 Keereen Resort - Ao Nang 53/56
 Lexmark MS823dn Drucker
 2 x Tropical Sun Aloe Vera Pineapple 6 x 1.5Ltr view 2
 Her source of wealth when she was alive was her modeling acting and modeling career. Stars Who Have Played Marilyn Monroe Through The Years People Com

-------------------------

#### PROBLEM TO SOLVE
Your reply must consist of the entire listing, repeated word for word.

#### REPLY TO THE EXERCISE
 Keereen Resort - Ao Nang 53/56
 Lexmark MS823dn Drucker
 2 x Tropical Sun Aloe Vera Pineapple 6 x 1.5Ltr view 2
 Her source of wealth when she was alive was her modeling acting and modeling career. Stars Who Have Played Marilyn Monroe Through The Years People Com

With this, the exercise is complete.